TASK GOAL |
Please write out the entire listing below exactly, excluding its pictures.
╭─ DATA
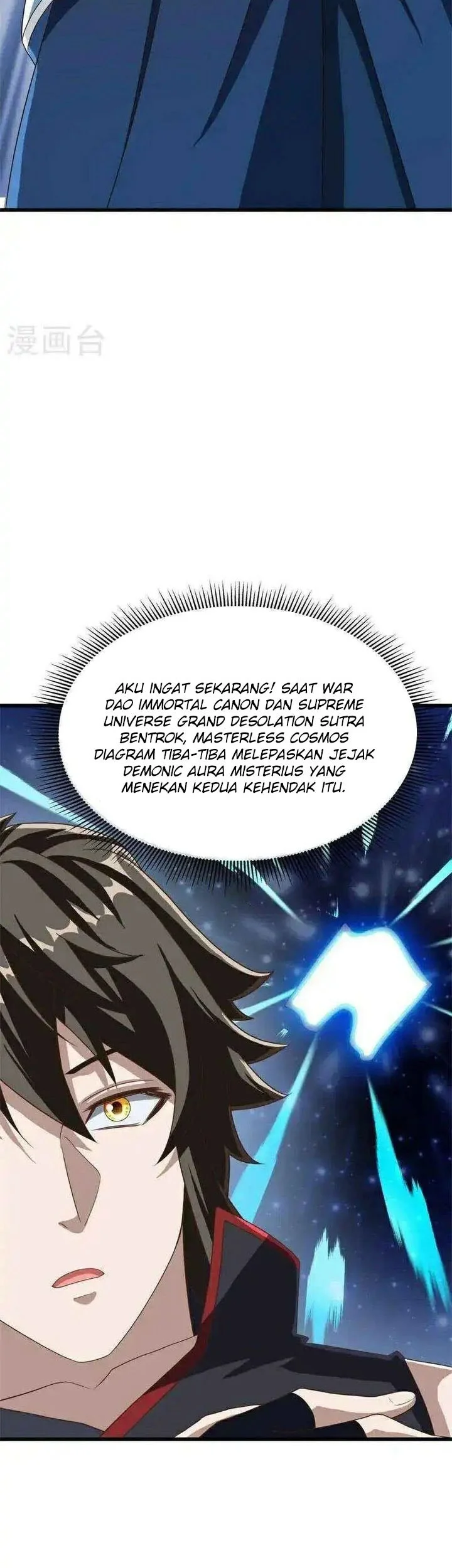 Peerless Soul Chapter 693 Gambar 27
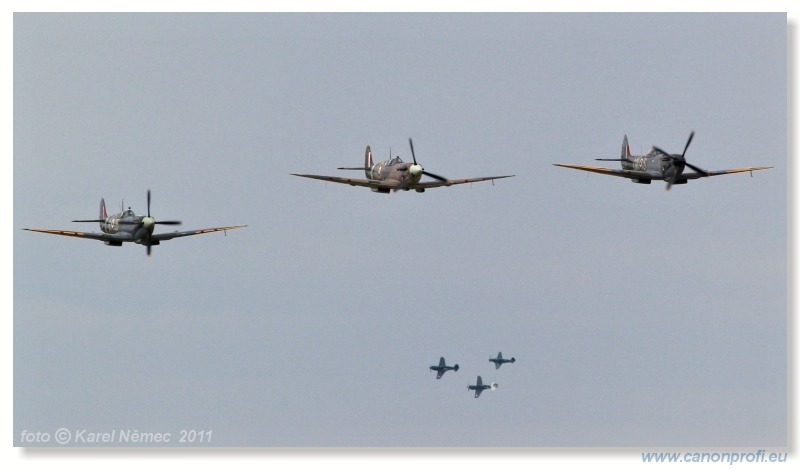 Flying Legends Duxford 2011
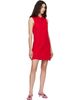 FLORE FLORE FLORE FLORE Red Lauren Polo Minidress - 4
╰─
ANSWER TO THIS TASK |
 Peerless Soul Chapter 693 Gambar 27
 Flying Legends Duxford 2011
 FLORE FLORE FLORE FLORE Red Lauren Polo Minidress - 4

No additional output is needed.